In the affected father of a child with parietal foramina, Spruijt et al. (2005) identified an 8-bp deletion in the MSX2 gene (123101.0008). The father and proband both had normal clavicles on examination; DNA analysis was refused for the proband and her grandparents.
Parietal Foramina with Cleidocranial Dysplasia
In a 3-generation family segregating parietal foramina with cleidocranial dysplasia (PFMCCD; 168550), Garcia-Minaur et al. (2003) identified a heterozygous frameshift mutation (123101.0007) in the homeodomain of the MSX2 gene in affected family members. The authors noted that the clavicular involvement was mild and difficult to assess on physical examination, and suggested that this finding may be more commonly associated with PFM than previously believed and may be characteristic of individuals with MSX2 rather than ALX4 (605420) mutations.

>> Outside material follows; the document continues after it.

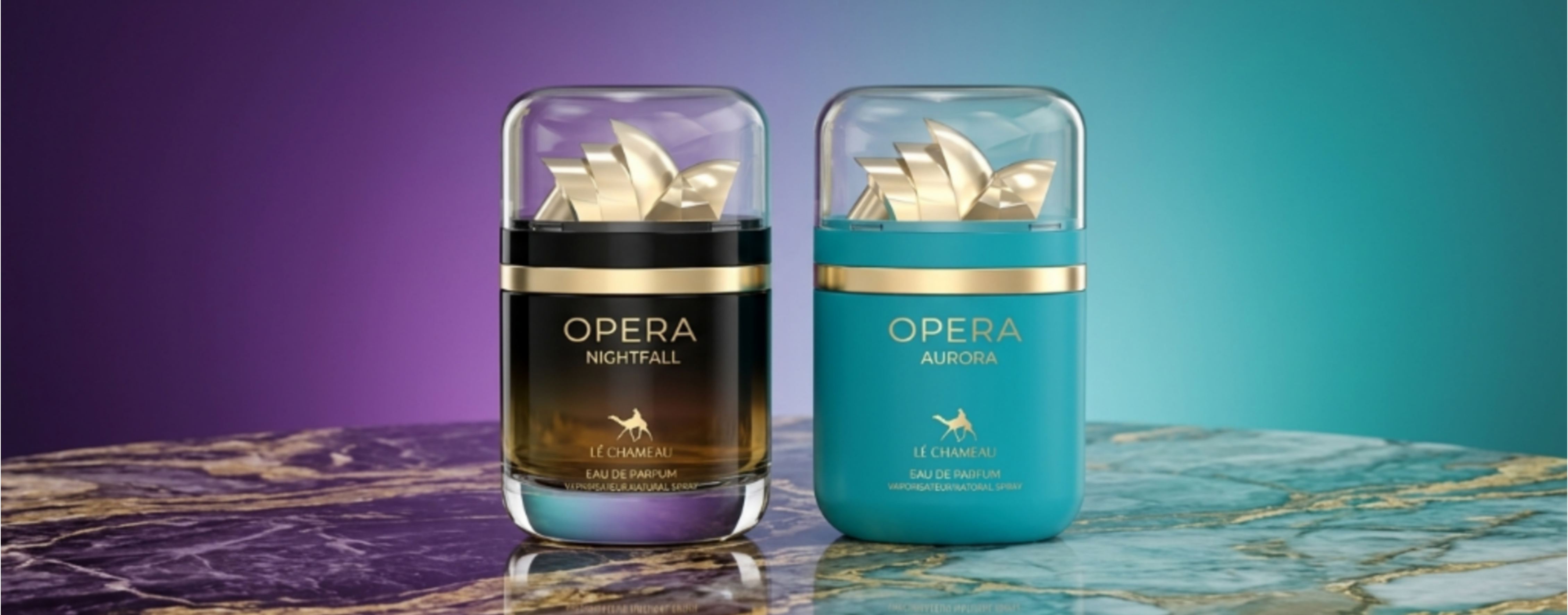 Emper Le Chameau Opera: dos actos olfativos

To investigate the function of MSX2 in tissue interactions and in vertebrate craniofacial development, and to test further the hypothesis that a mutation of MSX2 is the cause of Boston-type craniosynostosis, Liu et al. (1995) engineered the pro-to-his mutation in the homeodomain of the mouse Msx2 gene and expressed the mutant gene in the developing skulls of transgenic mice. They showed that these mice exhibited precocious fusion of cranial bones and development of ectopic cranial bone. Liu et al. (1995) also showed that overexpression of the wildtype Msx2 gene can also produce craniosynostosis in mice, consistent with the possibility that the mutation enhances the normal activity of Msx2. See also 123101.0001 and Ma et al. (1996).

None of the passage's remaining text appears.